Bluetooth + Airport Extreme - £152.88 ! (only costs £35 and £49 separately)
Think there are some typos here.
sockgap said:Superdrive my ass. All the other manufacturers are shipping dual layer DVD drives that can burn 8 gig DVDs. These things are wicked cheap. When are Apple going to get with the program and ditch these lame-ass 4 gig single-layer DVD burners?
drlunanerd said:The HD is 4200rpm in the Mac mini. It is a deal-breaker for me too. The rest of the machine is great in my opinion, but everyone knows that the hard disk is one serious bottleneck. Sure, you should be able to upgrade to a faster disk yourself, but then the price gets ever closer to an iMac G5. For performance I don't think you can beat the iMac for value. That's why a friend of mine and I picked up a nearly-new iMac G5 1.8GHz the other day instead of a Mac mini. Am going over to install a 250GB 7200rpm SATA drive tomorrow
SWC said:Thats been pointed out at least a dozen times in the last 3 pages. It's a typo, its priced correctly on the 1.42 model.
bpd115 said:People have been getting 5400 RPM Drives in the Mini. Apple does not state on their site what the RPM rating for the drive is. My fiance will be getting her Mini 'on or before' the 11th so I'll check it out myself.
SWC said:Dual layer laptop drives have just recently started to surface and none of them are slot loading. Dual layer is great for a year from now when the media is actually affordable as opposed to $10-$12 per disc it is now compared to 40 cents or less per single layer disc. The market that the mini is going after doesn't have a big need for dual layer either.
Chip NoVaMac said:Well that was fun while it lasted. Though it will be interesting to see what people get in the next three or four weeks though. I wonder if this is to save face till the return period is up on the first buying spree?
One surprise in our testing appeared when we tested the hard-drive access speed by duplicating 500MB of data.
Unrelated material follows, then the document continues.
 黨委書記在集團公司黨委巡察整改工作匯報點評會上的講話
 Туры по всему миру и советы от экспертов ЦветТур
The 1.25GHz Mac mini beat the faster 1.42GHz model by 10 seconds. Upon further investigation, we found that the 1.25GHz model actually contains a 5,400RPM drive, despite Apples claim that it contains a 4,200RPM drive. The 1.42GHz model, does contain the slower 4,200RPM drive.
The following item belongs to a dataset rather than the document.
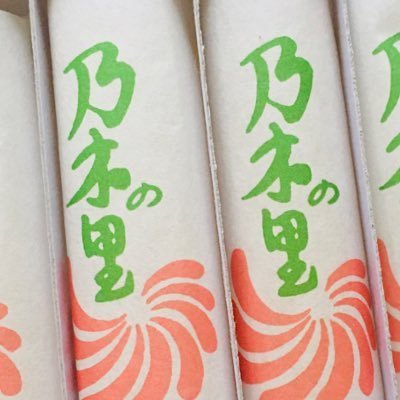 ⛩ブロマンス小説・お知らせ用( ˘ω˘ )zzz...⛩さんのプロフィール画像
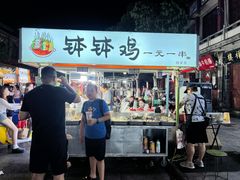 -鼓楼夜市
Apple said there were 4200 rpm hard drives in the Mac mini. Is that true?
Updated 1/24/05: Components can vary. For example, the RAM in two of our Mac minis is actually PC3200 running at 333MHz, rather than standard PC2700 RAM. Likewise, the one Mac mini we've deconstructed actually had a 5400 rpm drive inside (a Seagate ST940110A)... but that doesn't mean yours will. Like most computer-makers, Apple doesn't generally talk about the parts it uses and those parts can vary from computer to computer.
drlunanerd said:Really? I didn't know that. It's been widely reported that the drives are 4200rpm, but I'd be very interested if your fiancee's has a faster model installed. Thanks for mentioning this.
NB fiance = male, fiancee = female. I assume you are a heterosexual male, in which case you need to use the latter!